Die Überarbeitung dieser Richtlinie kann für Tirol ein echter Gewinn sein. Sie regelt nämlich, wie hoch die Straßennutzungsgebühren und Mauten in ganz Europa sein dürfen. Ich will, dass ein Teil der Einnahmen zweckgebunden wird und direkt den Regionen und Gemeinden für Lärmschutzwände, Tunnel und Umfahrungen zur Verfügung gestellt wird. So können auch kostenintensivere Trassenführungen für die Eisenbahn, die weniger Widerstand in der Bevölkerung auslösen, umgesetzt werden – Stichwort BBT-Zulaufstrecken. Wir sind nämlich nicht gewählt worden, um aus Mobilität ein Problem zu machen, sondern um die Probleme der Mobilität zu lösen. Mit der Zweckwidmung der Mauteinnahmen können wir den Verkehr in die richtigen Bahnen – oder die richtigen Schienen – lenken.

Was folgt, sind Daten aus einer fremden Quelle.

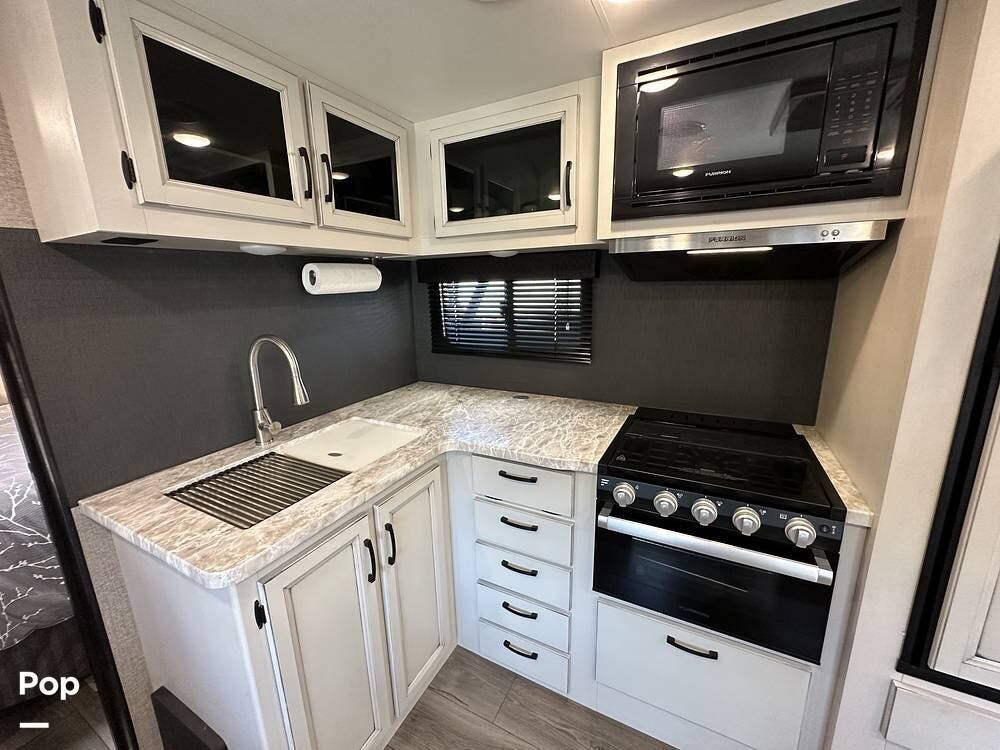 2021 Jayco Jay Feather 25RB - Used Travel Trailer For Sale by Pop RVs in Cypress, Texas features Leveling Jacks, Slideout, Air Conditioning, Awning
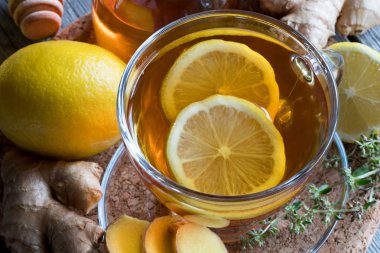 Zencefil, limon ve ballı bir fincan çay.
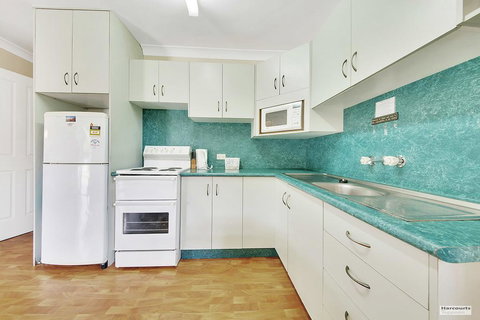 Driftwood On The Beach - Accommodation QLD 2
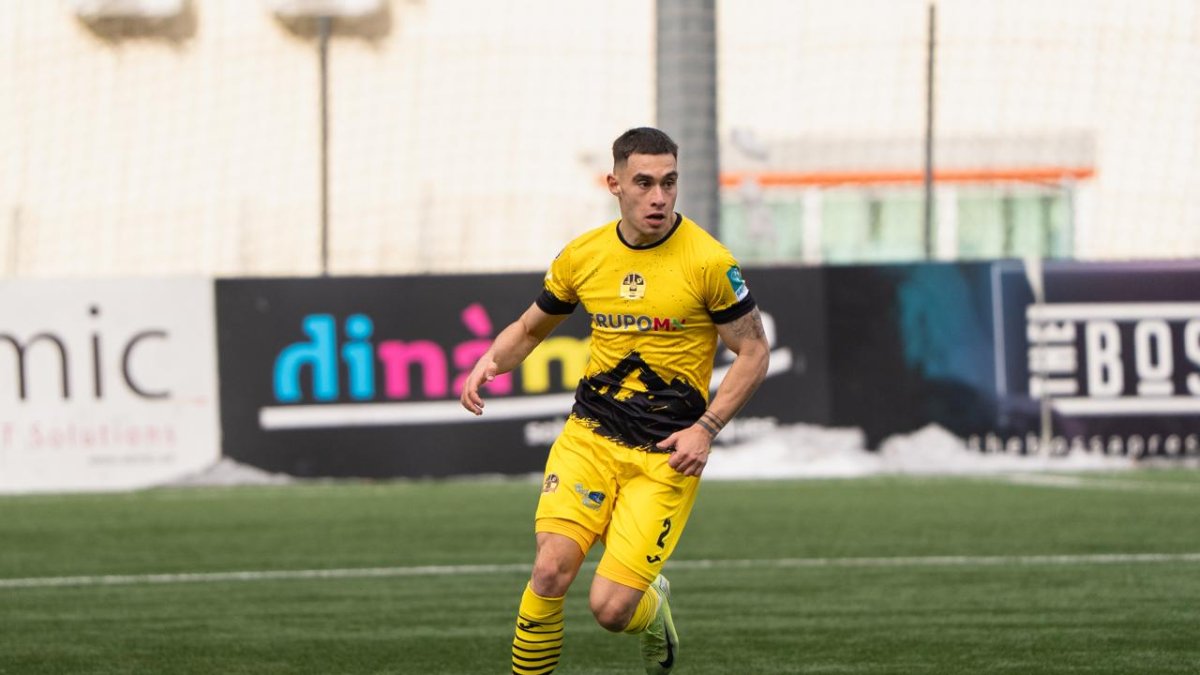 Eric de Pablos, durant un partit amb la UE Santa Coloma.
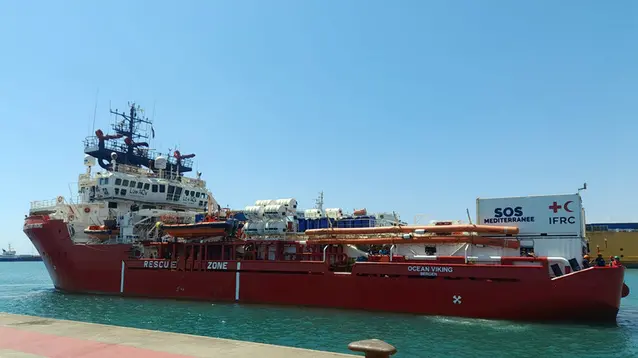 Nave Ocean Viking a porto Marina di Carrara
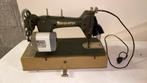 Vintage groene naaimachine merk Husqvarna, Antiek en Kunst, Antiek | Naaimachines, Ophalen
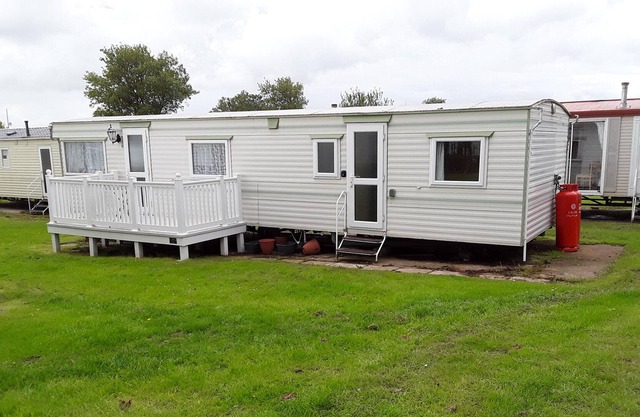 3 bed caravan approx 10 mins from beach bill 1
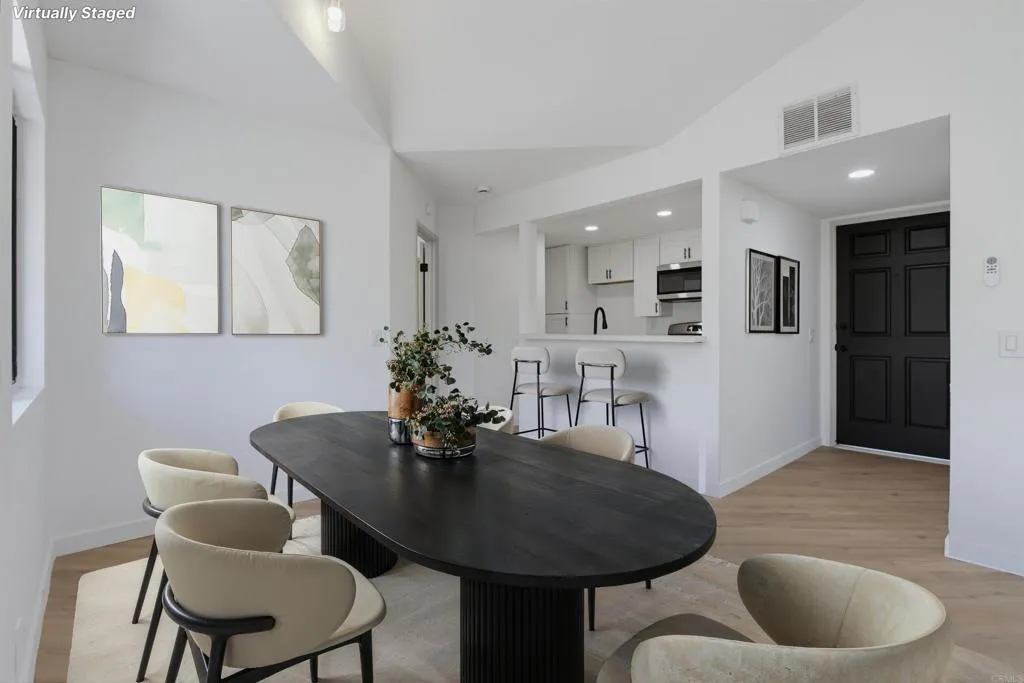 https://cdn.realtyfeed.com/cdn/127/306787386/aba8a42a0bdffa5140f62f929e3e3cd1.webp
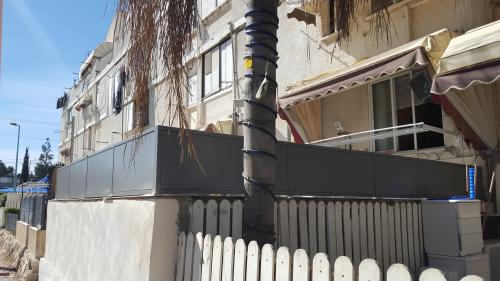 גדר פח חלק: תמונה מס' 190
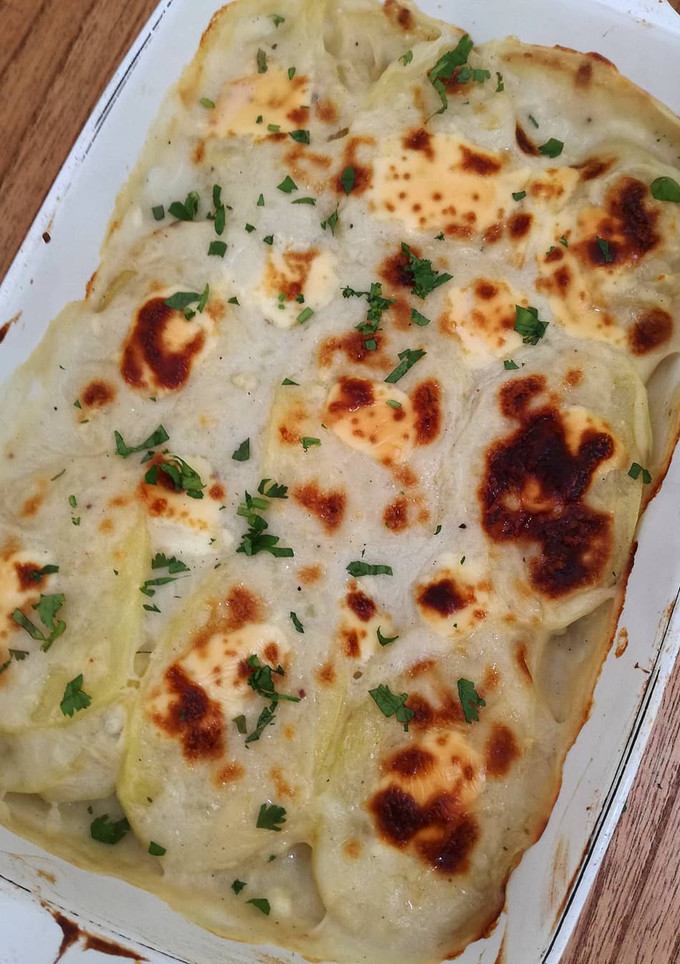 Una foto de Papas gratinadas con salsa blanca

Welche drei Themen stehen bei Ihnen in den nächsten Monaten auf dem Programm?
Zu tun gibt es genug. An oberster Stelle steht die Bewältigung der Coronakrise, die Sicherung von Arbeitsplätzen und die Ankurbelung der europäischen Wirtschaft. Deshalb müssen wir in europäische Infrastruktur investieren, denn so schaffen wir kurzfristig Jobs und langfristig Perspektiven für unseren Kontinent. Hier setze ich mich für ein echtes europäisches Eisenbahnsystem ein und bin auch Chefverhandlerin des EU-Parlaments für das Europäische Jahr der Schiene 2021. Ich stehe auch auf der Seite der Tiroler Bauern und setzte mich für eine Lockerung des Wolf-Schutzstatus auf europäischer Ebene ein. Wieder einmal ein Beweis, dass kein anderes Bundesland so von europäischen Themen betroffen ist wie Tirol.